*** SUPPLIED DATA ***

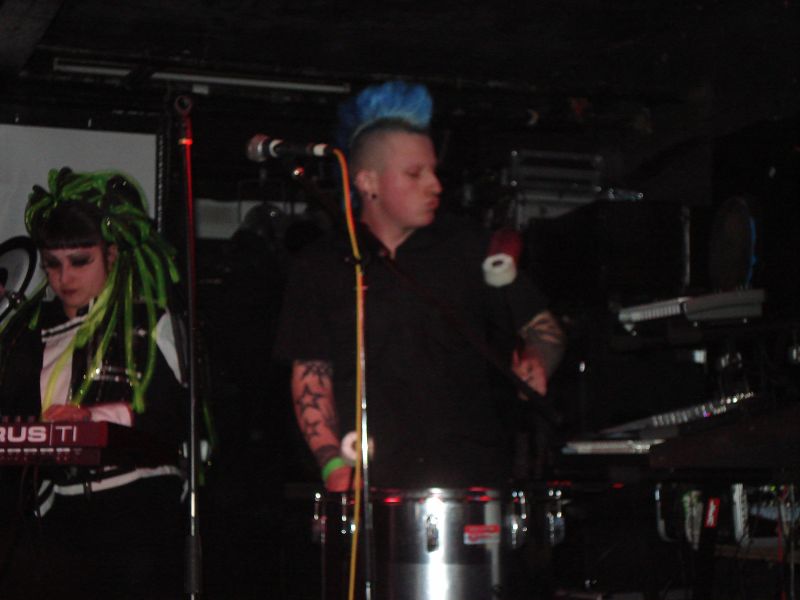 Viewing photos→2008→2008-03-24→08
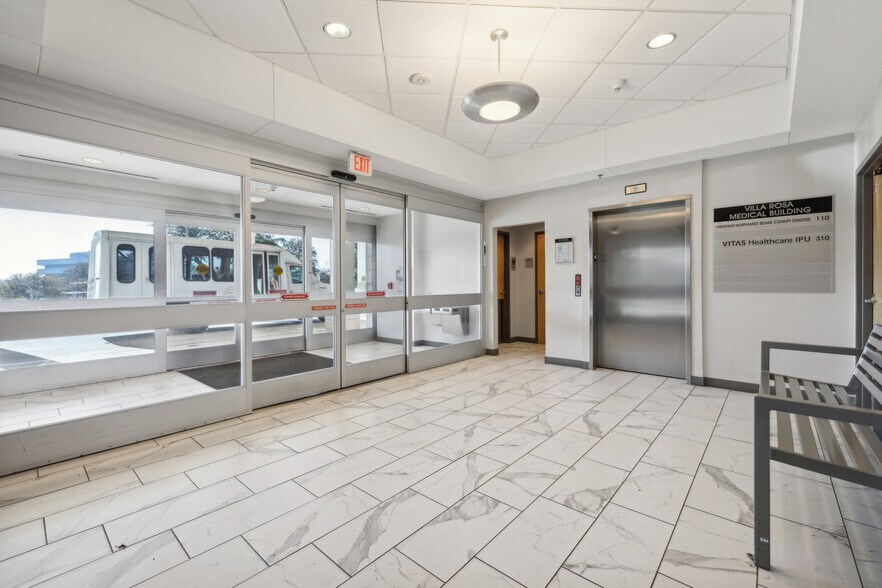 More Photos Of 5131 Medical Dr, San Antonio Medical For Lease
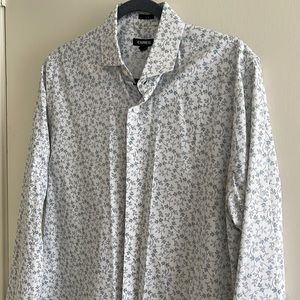 Express Men’s slim fit dress shirt size M neck size 15-15.5
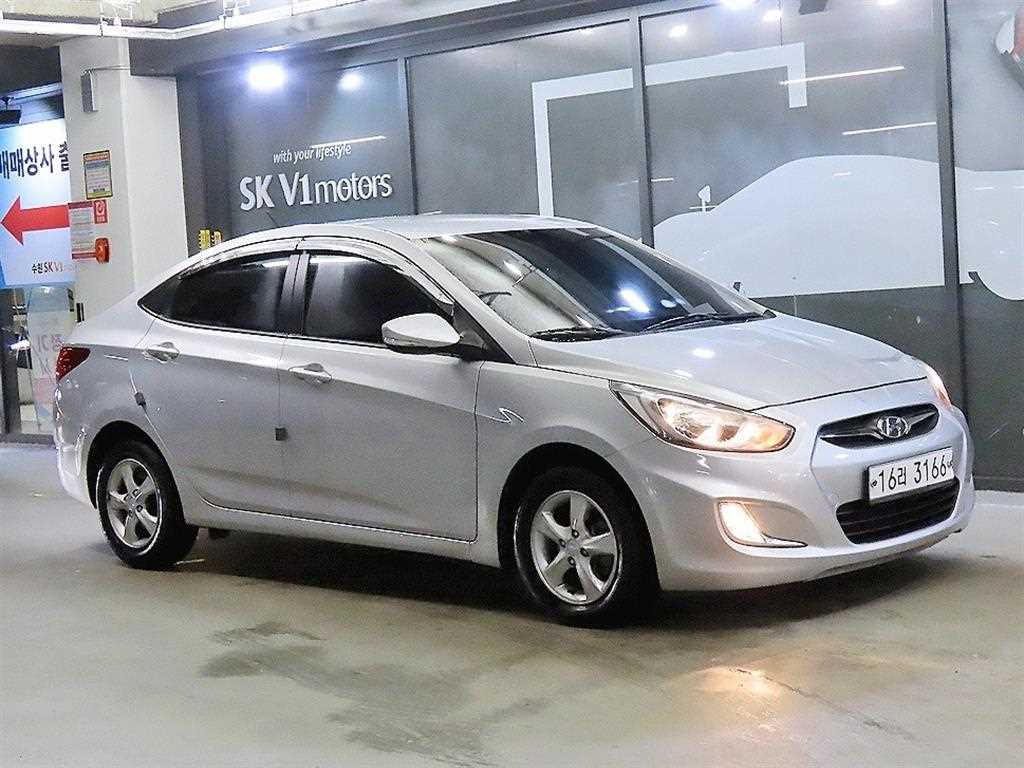HYUNDAI Accent
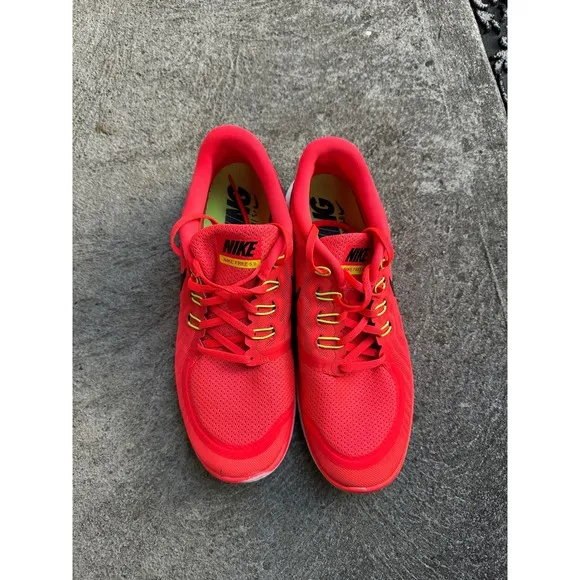 Nike Free Running Shoes Lightweight Athletic Neon Orange Sneakers 11.5
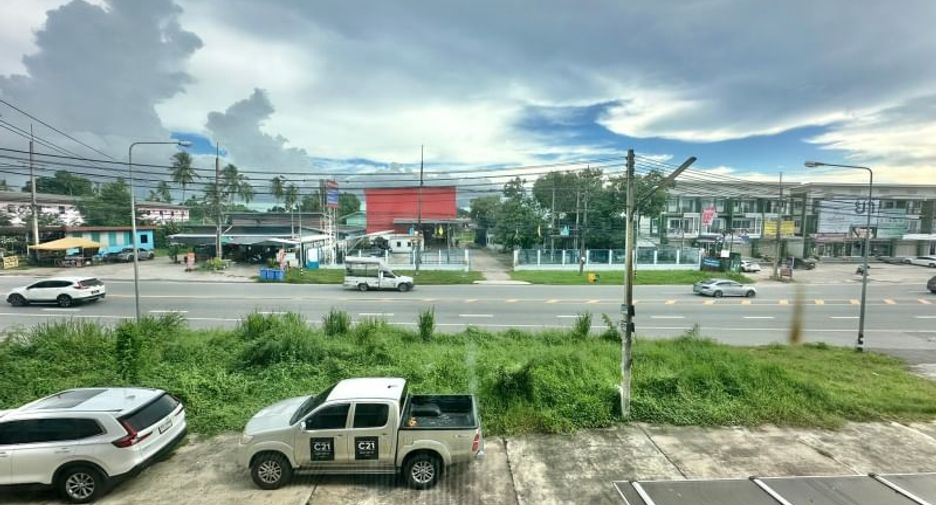 For rent and for sale 12 bedrooms retail Space in Si Racha, Chonburi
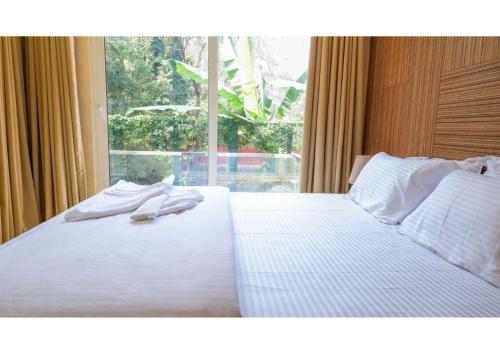 En eller flere senge i et værelse på 1BHK Apartment - 360 Bliss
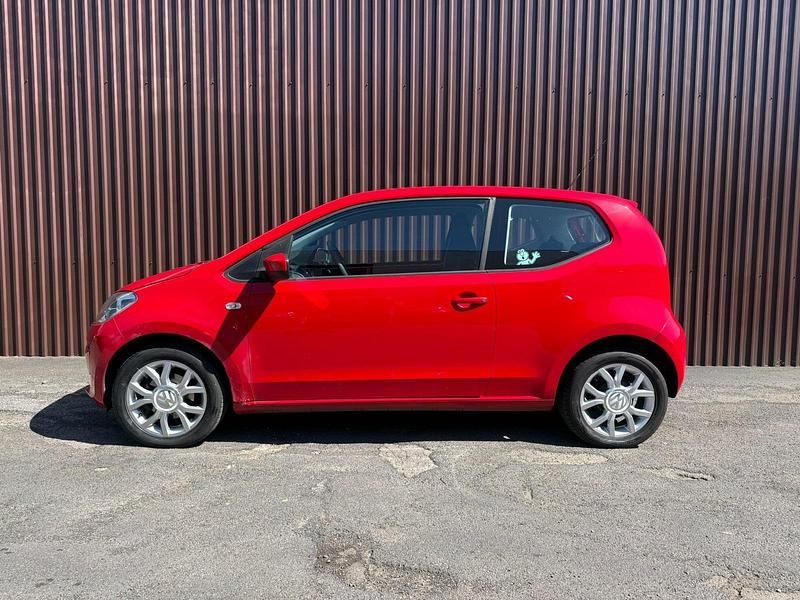 Second-hand VW up! move up! 75 CP (55 kW) 2012 Roșu Hatchback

***

### EXERCISE DIRECTIONS
For this exercise, the lines from the one containing "HYUNDAI Accent" through the last line of the entries above are to be output exactly, both included, and pictures are skipped.

### REPLY TO THE TASK
HYUNDAI Accent
 Nike Free Running Shoes Lightweight Athletic Neon Orange Sneakers 11.5
 For rent and for sale 12 bedrooms retail Space in Si Racha, Chonburi
 En eller flere senge i et værelse på 1BHK Apartment - 360 Bliss
 Second-hand VW up! move up! 75 CP (55 kW) 2012 Roșu Hatchback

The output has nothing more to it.